[Start of Attachment]

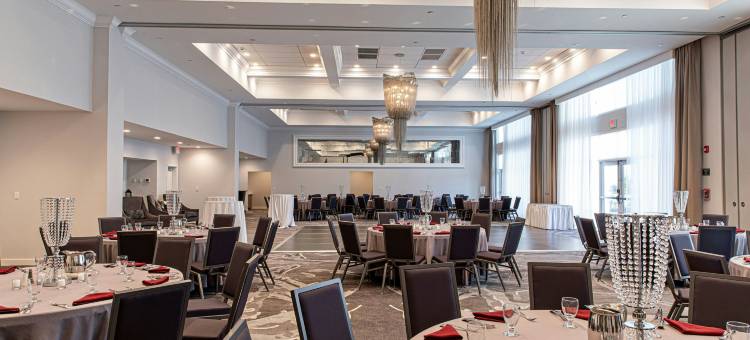 长岛东端居家酒店(Residence Inn Long Island East End)图片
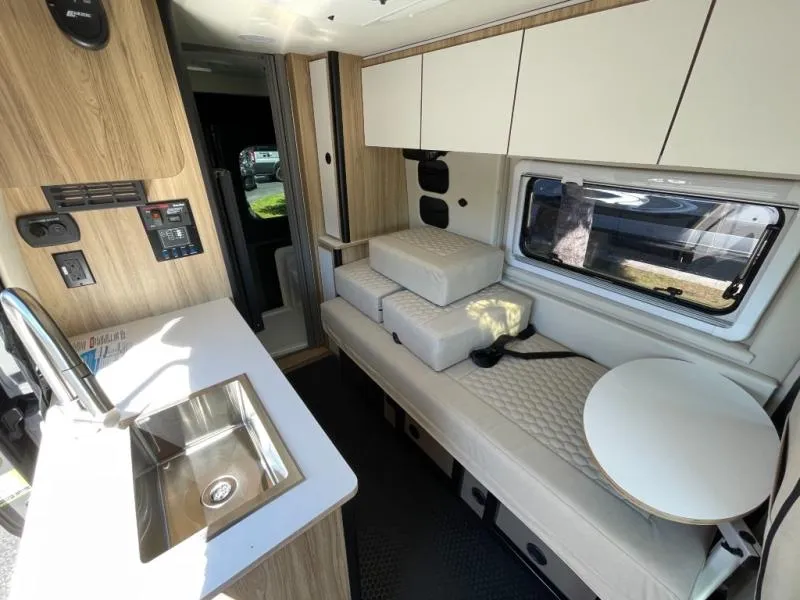 2026 Coachmen Pixel P18RB - Photo 3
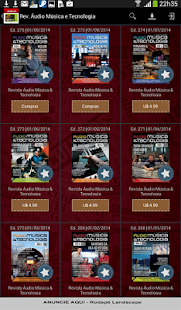 Free Download Rev. Áudio Música e Tecnologia APK for PC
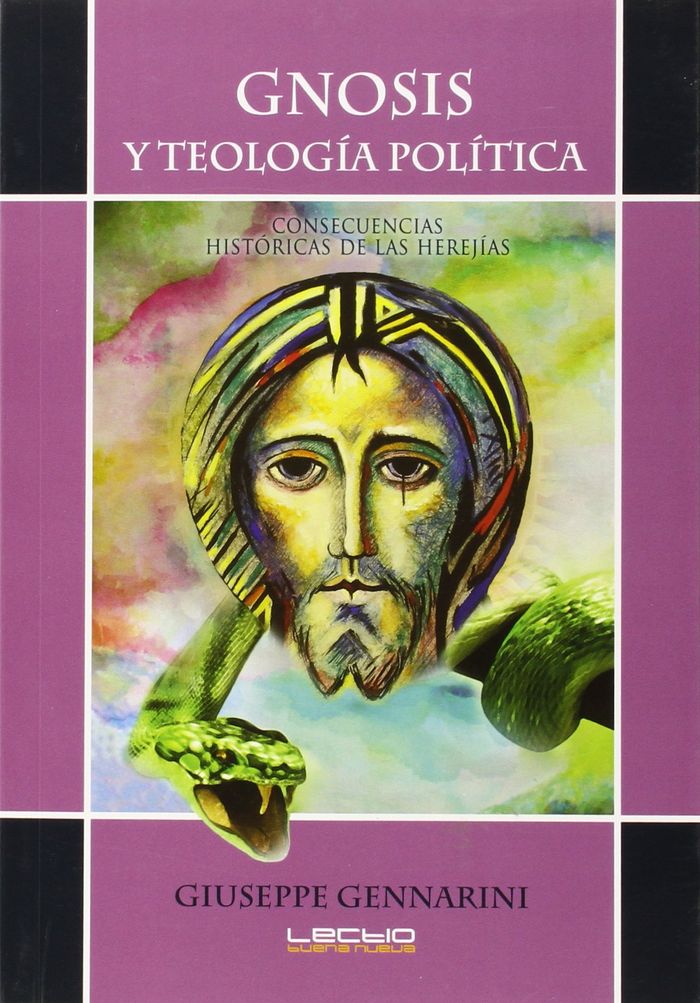 GNOSIS Y TEOLOGIA POLITICA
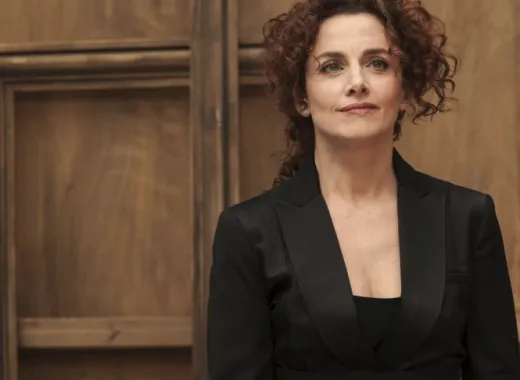 Emmanuelle Haïm y Le Concert d’Astrée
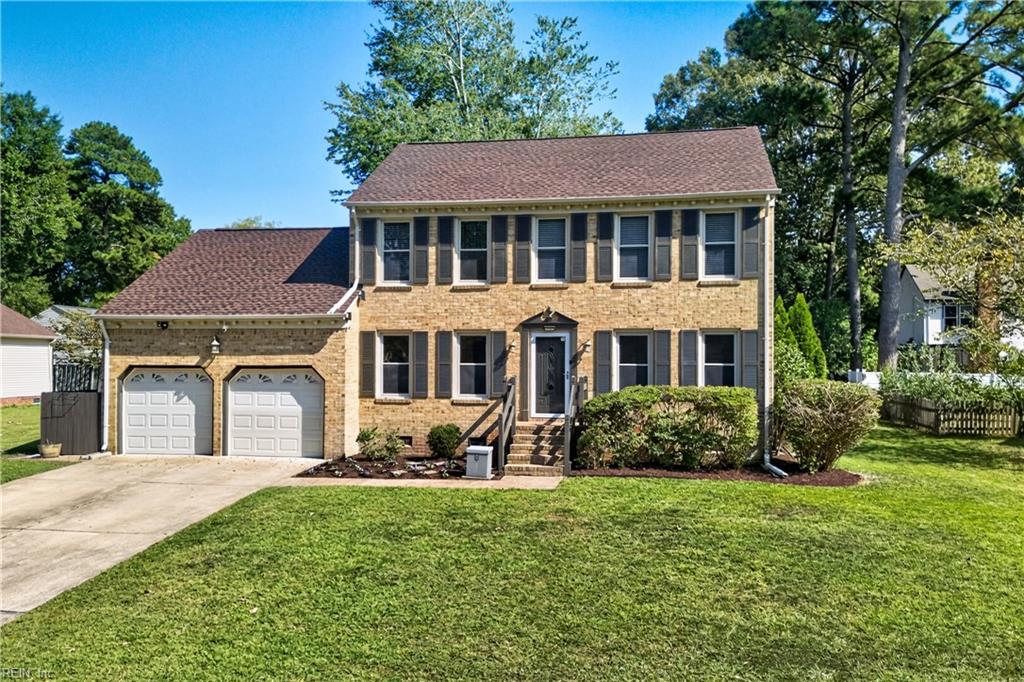2176 Kenwood Drive — photo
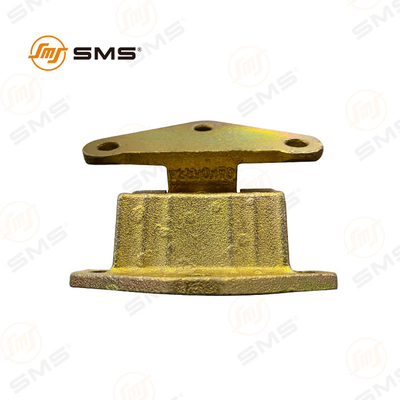 Ingranaggi per porte WG1642210009 Ingranaggi pesanti SINOTRUK HOWO Parti di camion Ingranaggi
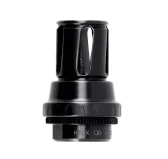 Gomander Helix 7.62 Kompensator Gomander Helix 7.62 Kompensator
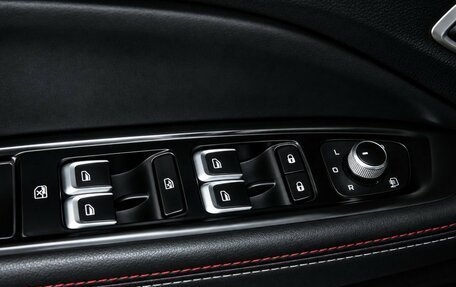 Geely Tugella FY11, 2021 год, 2 599 000 рублей, 14 фотография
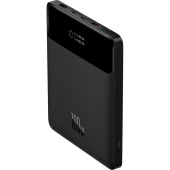Внешний аккумулятор (power bank) Baseus Blade HP 20000 мАч черный (BAS-PPBL000201)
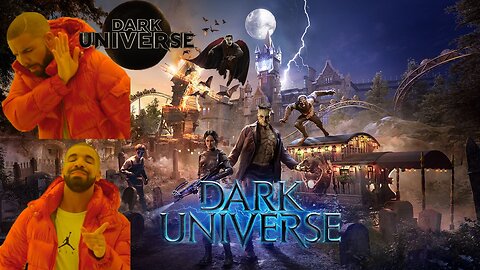 Universal Dark Universe Revival?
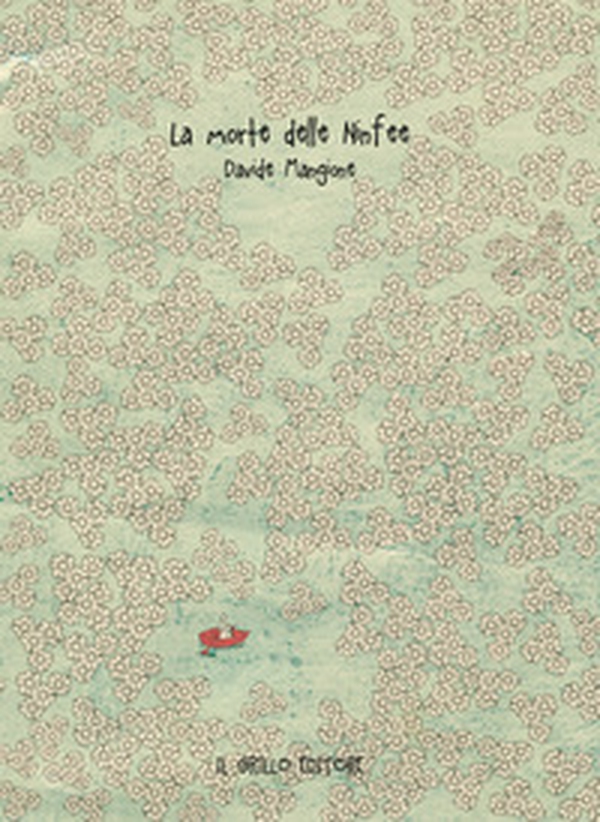 La morte delle ninfee - Librerie.coop La morte delle ninfee - Librerie.coop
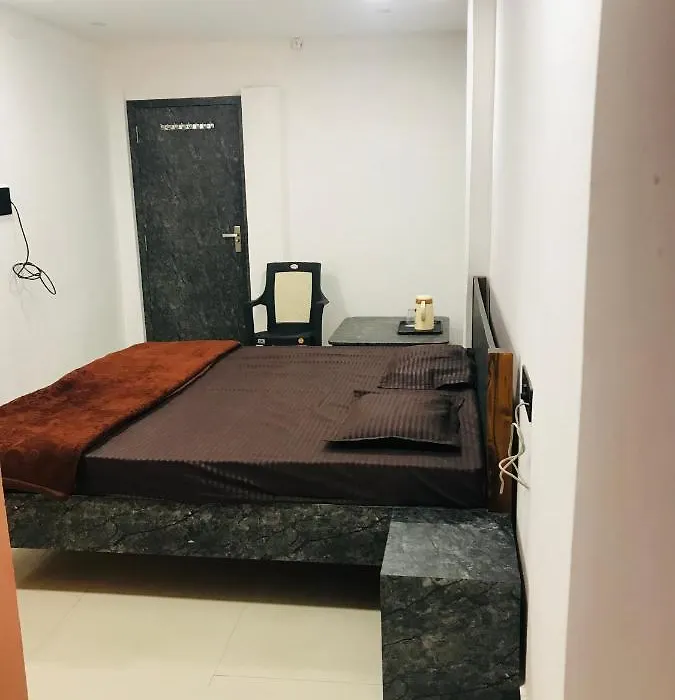 Prestige Guest House-1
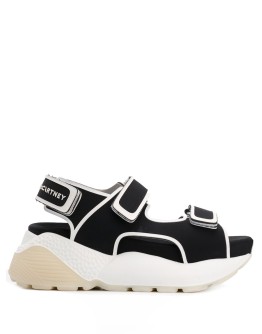 Eclypse touch-strap sandals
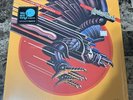 Judas Priest - Screaming For Vengeance, 1 LP, 2017, Sealed
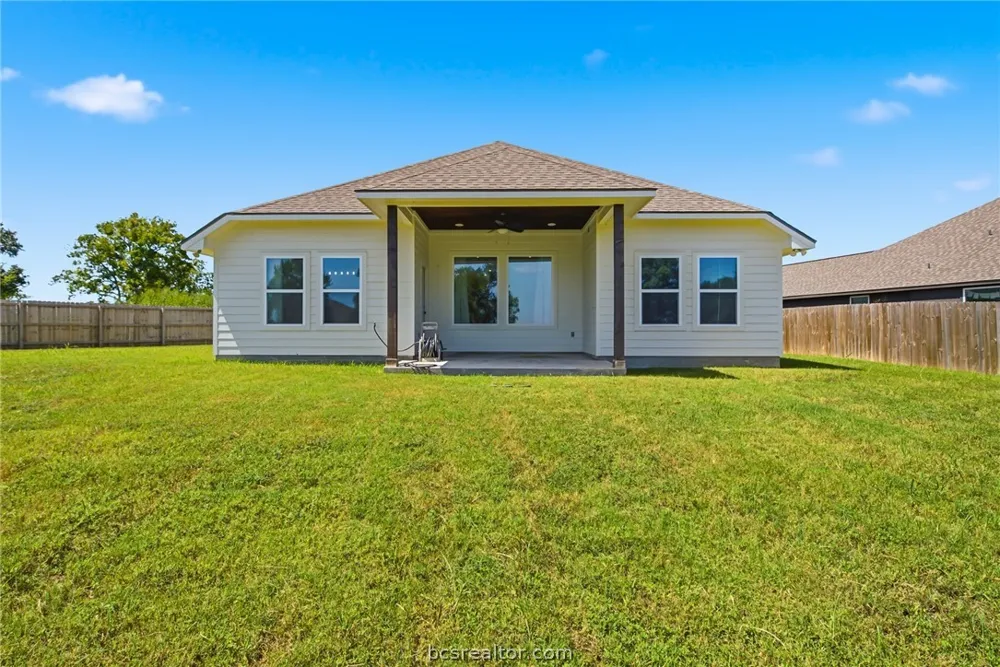 520 Combine Road Snook, TX 77879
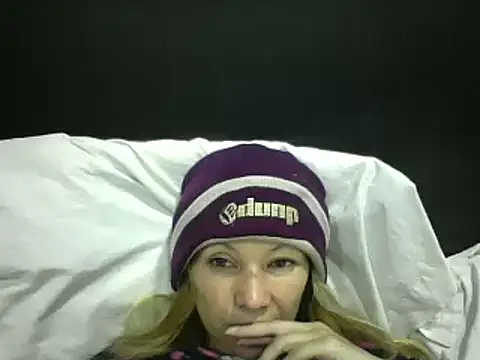 Paulita x3 online show from April 21, 11:16 am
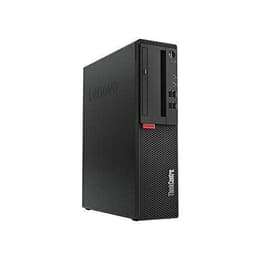 Lenovo ThinkCentre M910Q Tiny Core i5 2.5 GHz - SSD 128 GB RAM 8 GB
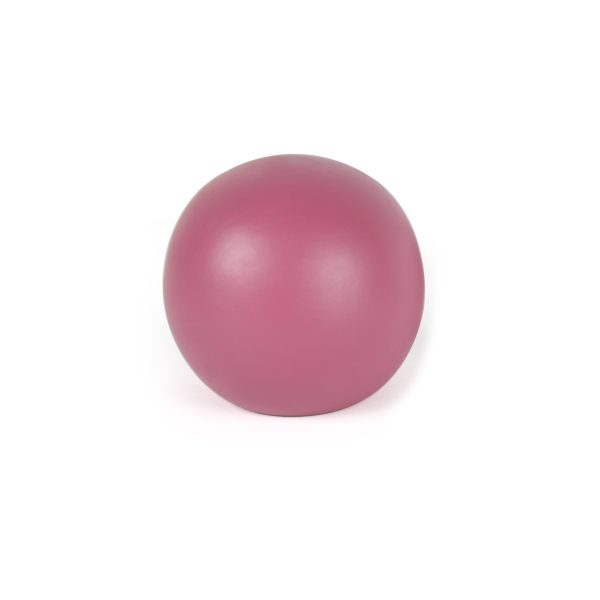 1 Pomo de mueble REI rosa, d. 50 1 Pomo de mueble REI rosa, d. 50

[End of Attachment]

• _Description of the task_
Once the line with "Ingranaggi per porte" is found above, print it and every line after it through the line with "Внешний аккумулятор (power", exactly. Pictures stay out.

• _The answer_
 Ingranaggi per porte WG1642210009 Ingranaggi pesanti SINOTRUK HOWO Parti di camion Ingranaggi
 Gomander Helix 7.62 Kompensator Gomander Helix 7.62 Kompensator
 Geely Tugella FY11, 2021 год, 2 599 000 рублей, 14 фотография
Внешний аккумулятор (power bank) Baseus Blade HP 20000 мАч черный (BAS-PPBL000201)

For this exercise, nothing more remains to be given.